On Appeal from the United States District Court for the Eastern District of Pennsylvania, D.C. Civil No. 87-5462.

Author: Higginbotham


This wrongful death action concerns a young migrant farm worker who died in an agricultural accident. The trial judge refused to permit the plaintiff's farm safety expert to testify regarding the safety practices a reasonable and prudent farmer would follow, and the plaintiff appeals that ruling. We review an evidentiary ruling of the district court for abuse of discretion. In re Japanese Electronic Products, 723 F.2d 238, 260 (3d Cir. 1983), rev'd on other grounds, Matsushita Electric Industrial Co., Ltd. v. Zenith Radio Corp., 475 U.S. 574, 89 L. Ed. 2d 538, 106 S. Ct. 1348 (1986).

In our review, "[error] may not be predicated upon a ruling which admits or excludes evidence unless a substantial right of the party is affected . . ." Fed.R.Evid. 103(a).


The facts of this case as recounted below are simple and essentially undisputed. On the day of his death, Sylvestre Garcia, Jr. ("Garcia"), age 14, was working on the farm of Douglas Trumbower as a "dumper," a person who stands on the back of a flat-bed truck and dumps tomatoes picked by others into bins. Appellant's Appendix ("App.") at 37, 91.
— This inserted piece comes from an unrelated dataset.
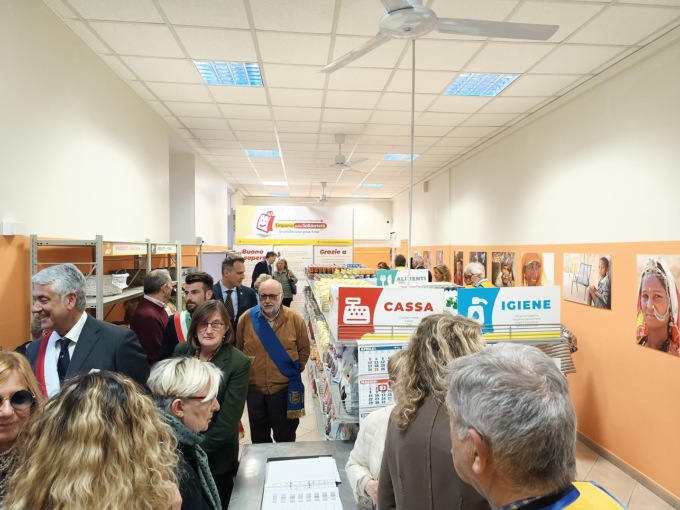Aperto ad Alessandria l’Emporio della solidarietà della Caritas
At the time of the fatal accident, the tomato picking operation was moving from one tomato field to another, through an apple orchard, and Garcia was standing on the flat-bed truck as it went. App. at 88-89, 91-92. Ord Trumbower, the father of Douglas Trumbower, owner of the farm that his son leased and allegedly his son's agent, knew that dumpers sometimes rode between fields standing on trucks. On the day of the accident Ord Trumbower drove through the orchard, aware that a flat-bed truck was behind him. App. at 22-23, 50-51, 54-58, 84-86. No one saw the accident. A few moments after the flat-bed truck drove into the orchard, Garcia lay unconscious on the ground, under the damaged branch of an apple tree; he died almost immediately thereafter. App. at 95-97.


The appellant, Deborah Linkstrom, administratrix of Garcia's estate, claims that the trial judge abused his discretion in refusing to permit a farm safety expert to testify. We agree.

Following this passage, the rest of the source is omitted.